By Monsuru Olowoopejo
I nternational diplomat and statesman, Chief Emeka Anyaoku topped his illustrious diplomatic career with his appointment as third Secretary-General of the Commonwealth in 1989. He had earlier served for three months as Nigeria’s Minister of Foreign Affairs in 1983.
In this interview in his Lagos residence, the distinguished diplomat speaks on the state of the nation, noting that Nigeria must not hold on to a false sense of security even as he lists steps the country must take to pull back from the brink. Excerpts:
Do you think Nigeria can survive the several challenges it is facing?
For me, I do not think we have ever been faced with this number of agitation and militancy since independence.

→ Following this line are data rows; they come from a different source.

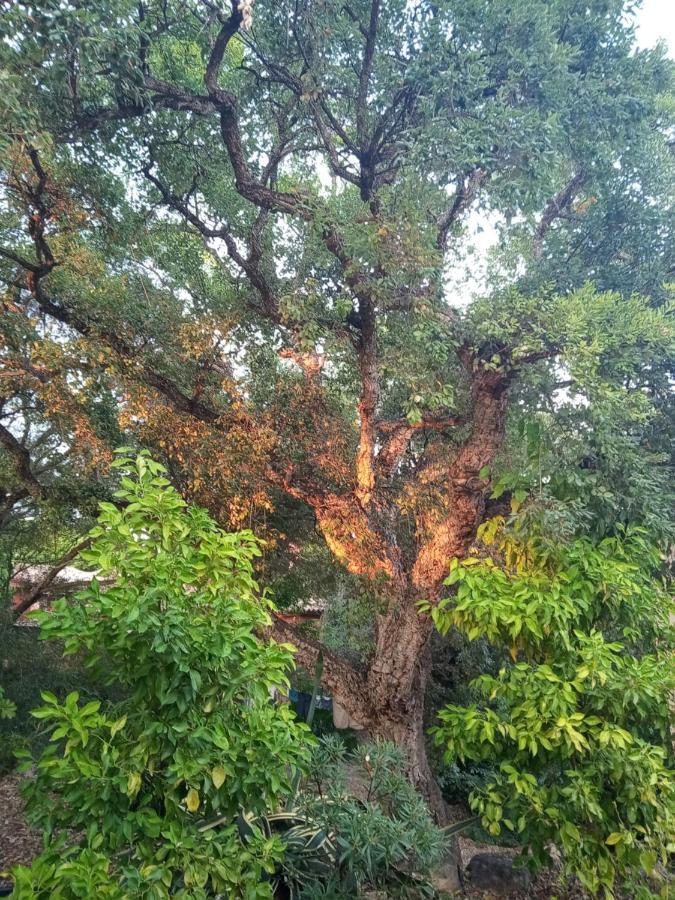 Sotogrande. Estancia Privada En Plena Naturaleza Zewnętrze zdjęcie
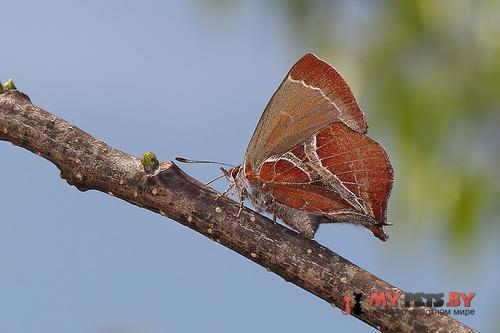 Amblopala avidiena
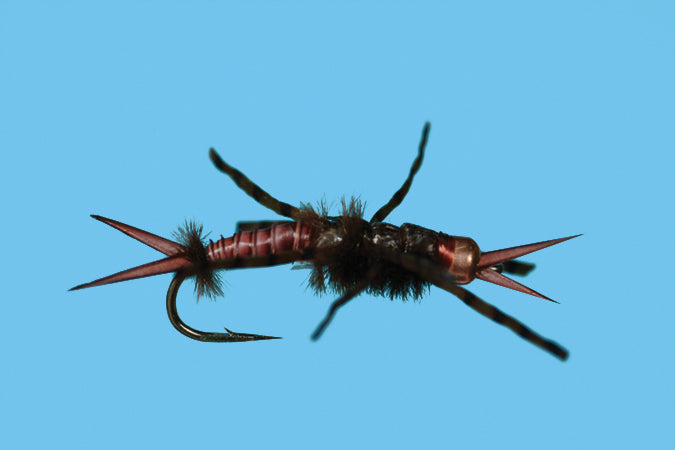 Tungsten Stonefly Nymph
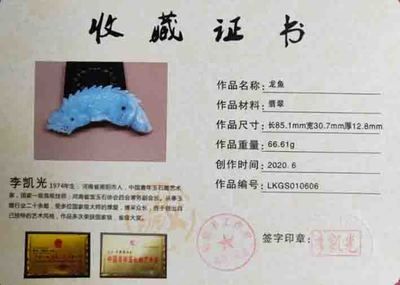 龍魚證書編號查詢（如何查詢龍魚證書編號） 龍魚證書編號查詢（如何查詢龍魚證書編號） 龍魚百科 第4張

Since the 1967 Civil War, I do not think this country has ever been as divided as it is now. So, I am not so sure that the notion that Nigeria will always be able to pull back from the brink will be valid under the present circumstances.
What is your reason for this?
I am not sure because these agitations, insurgencies and activities of Fulani herdsmen can lead to breakdown of law and order in different parts of the country at the same time. It may not be easy for our security forces to cope with all of them at the same time. Already, Boko Haram in the North-East is stretching our military. Now, the military is in the South-East for Operation Python Dance. And the same military is saying they may come to South-West and South-South for Operation Crocodile Smile. It is doubtful that they can sustain the efforts to deal with agitations and insurgency if they are to intensify.
In order to prevent breakdown of law and order, the Nigerian military embarked on Operation Python Dance in the South-East. What is your take on this?
In any country, the military should not be involved in domestic situations except in rare cases of emergency. Domestic law and order is a matter for the police. Of course, the military has to be involved in the North-East because Boko Haram has been waging war against Nigeria. It is debatable that the military should be involved in the South-East.
From all I have read so far, there has been no effort in the South-East to wage war against Nigeria. From what they claimed, there have been unarmed agitations and protests. Of course, the military came in because the agitations and protests are based on secession. This has serious security implication for the country.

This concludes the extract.